Here is a listing, set out below; repeat its lines from the one with "ODLEX 2-Pack High" to the last, both included, and leave out the pictures.

___ Task input

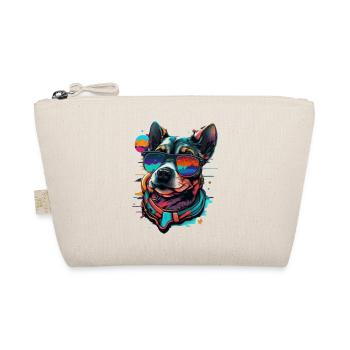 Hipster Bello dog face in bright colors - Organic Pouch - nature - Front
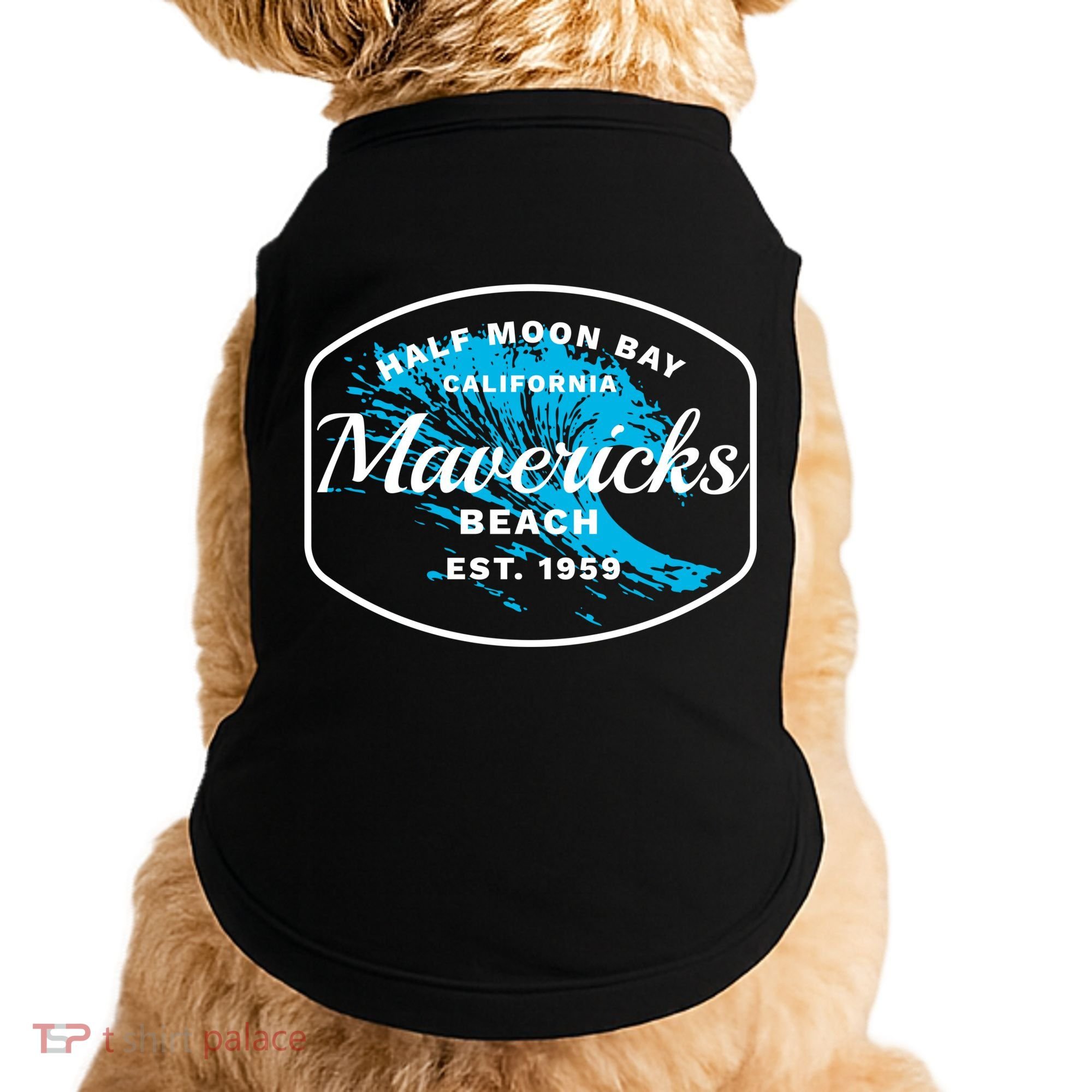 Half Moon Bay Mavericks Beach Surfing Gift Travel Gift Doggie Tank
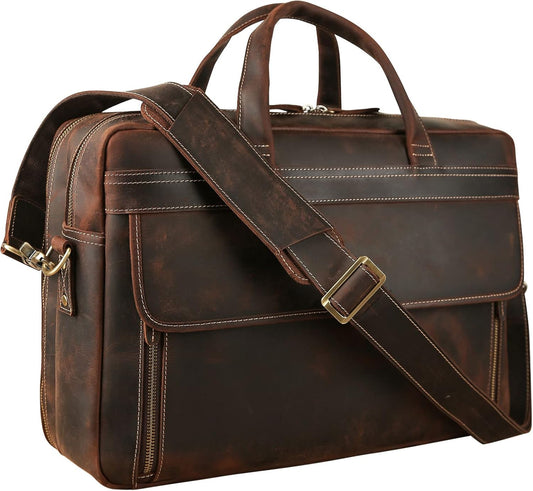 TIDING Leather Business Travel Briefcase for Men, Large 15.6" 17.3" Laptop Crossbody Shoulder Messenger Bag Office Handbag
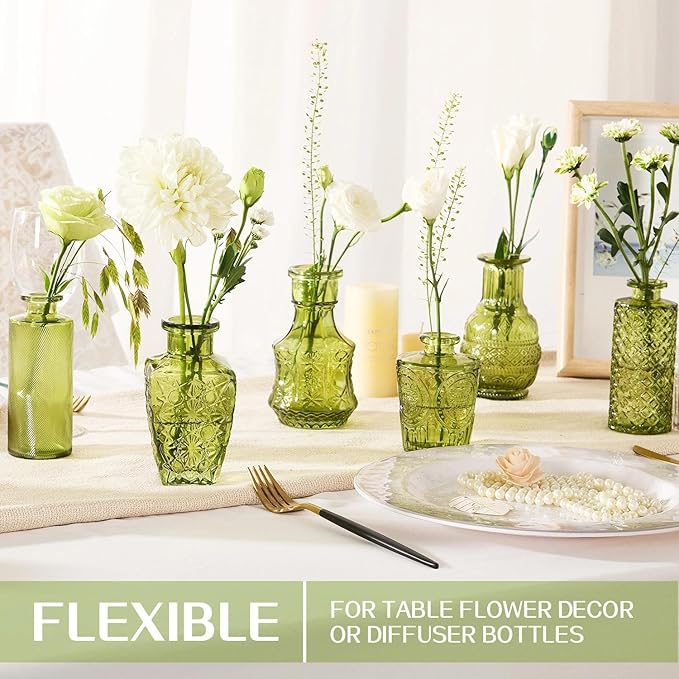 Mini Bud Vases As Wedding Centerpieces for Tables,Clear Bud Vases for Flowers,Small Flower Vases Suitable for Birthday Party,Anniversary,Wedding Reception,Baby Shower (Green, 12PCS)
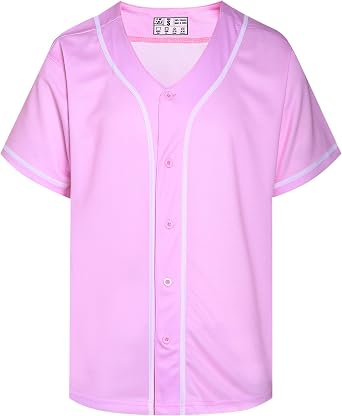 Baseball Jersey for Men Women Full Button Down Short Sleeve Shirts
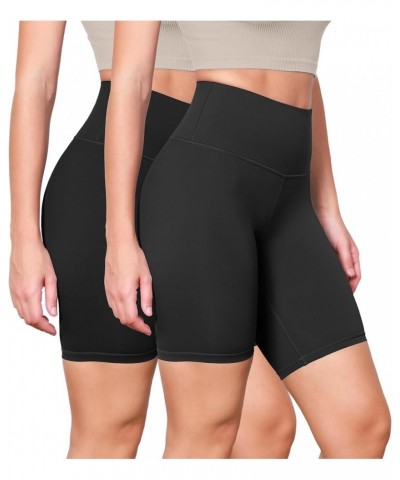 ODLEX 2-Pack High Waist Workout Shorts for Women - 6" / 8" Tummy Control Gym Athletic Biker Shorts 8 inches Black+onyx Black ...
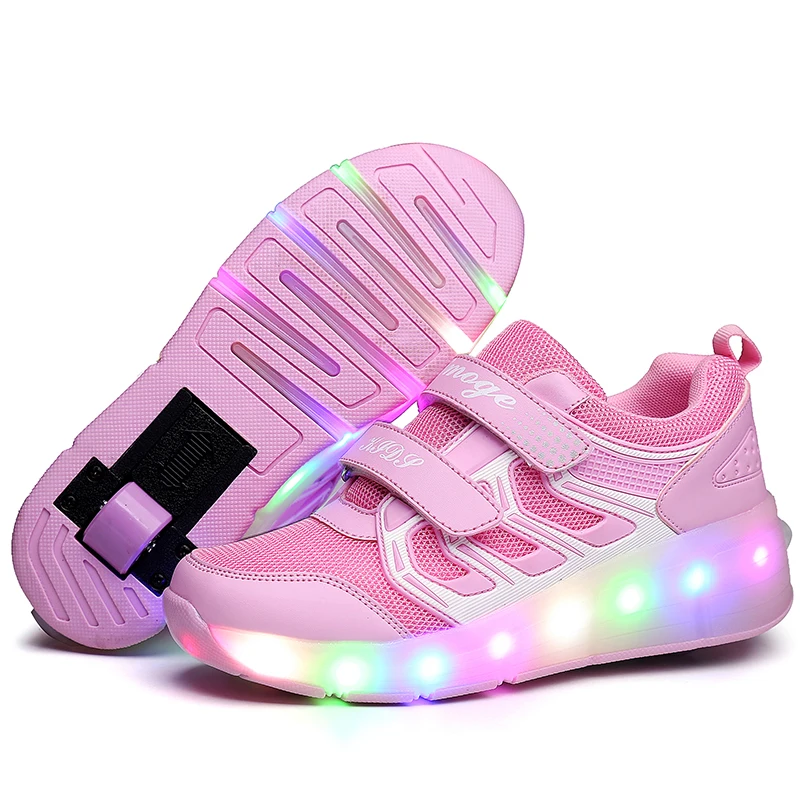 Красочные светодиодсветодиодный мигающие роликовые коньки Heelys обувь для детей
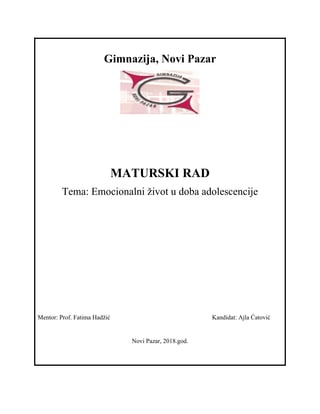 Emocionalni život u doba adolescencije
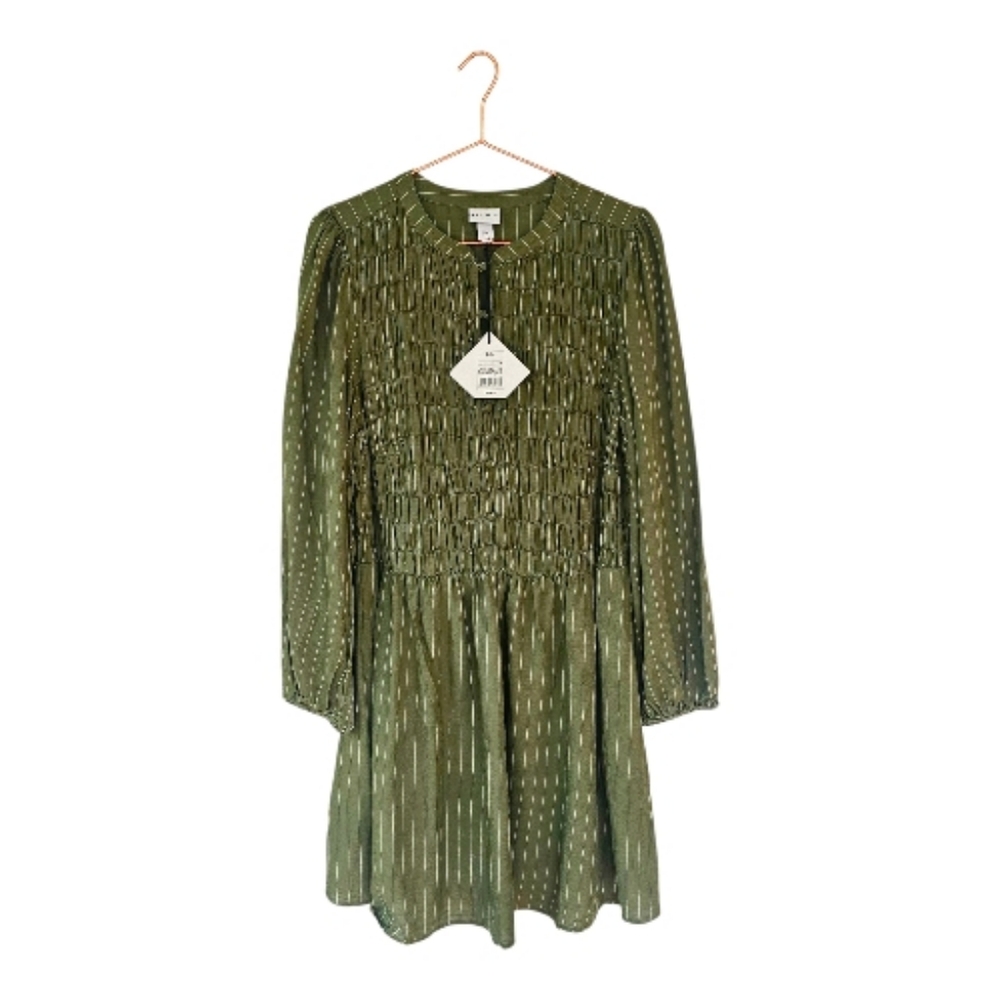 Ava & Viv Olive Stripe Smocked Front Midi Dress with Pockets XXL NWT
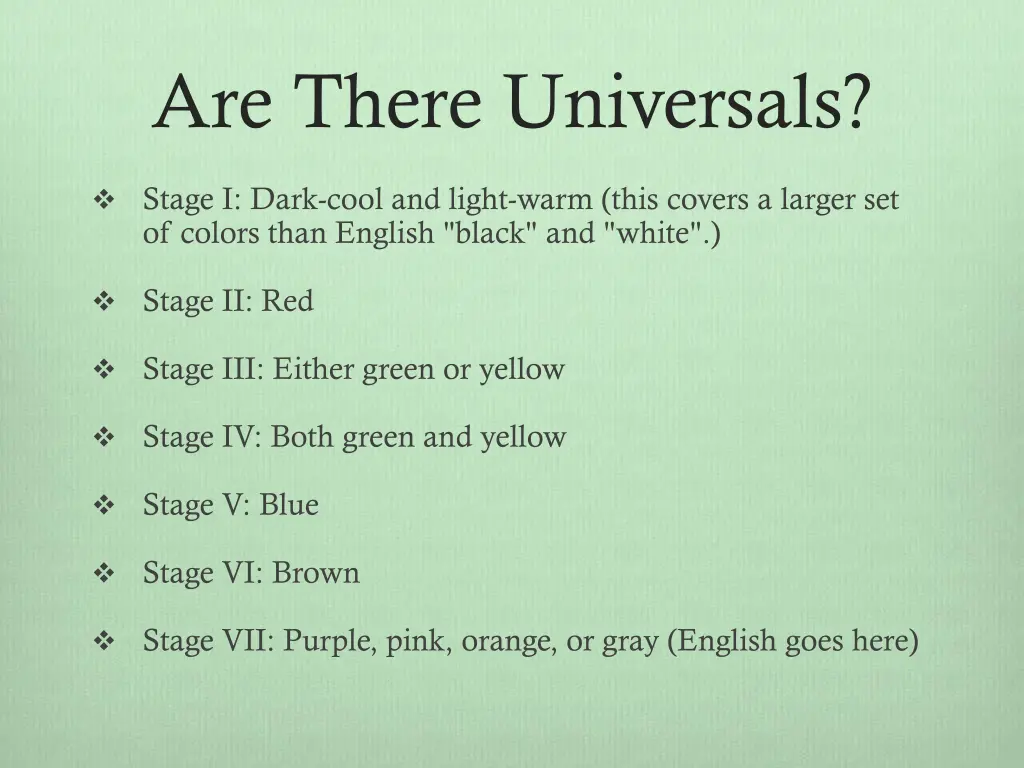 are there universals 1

______

Exercise result
 ODLEX 2-Pack High Waist Workout Shorts for Women - 6" / 8" Tummy Control Gym Athletic Biker Shorts 8 inches Black+onyx Black ...
 Красочные светодиодсветодиодный мигающие роликовые коньки Heelys обувь для детей
 Emocionalni život u doba adolescencije
 Ava & Viv Olive Stripe Smocked Front Midi Dress with Pockets XXL NWT
 are there universals 1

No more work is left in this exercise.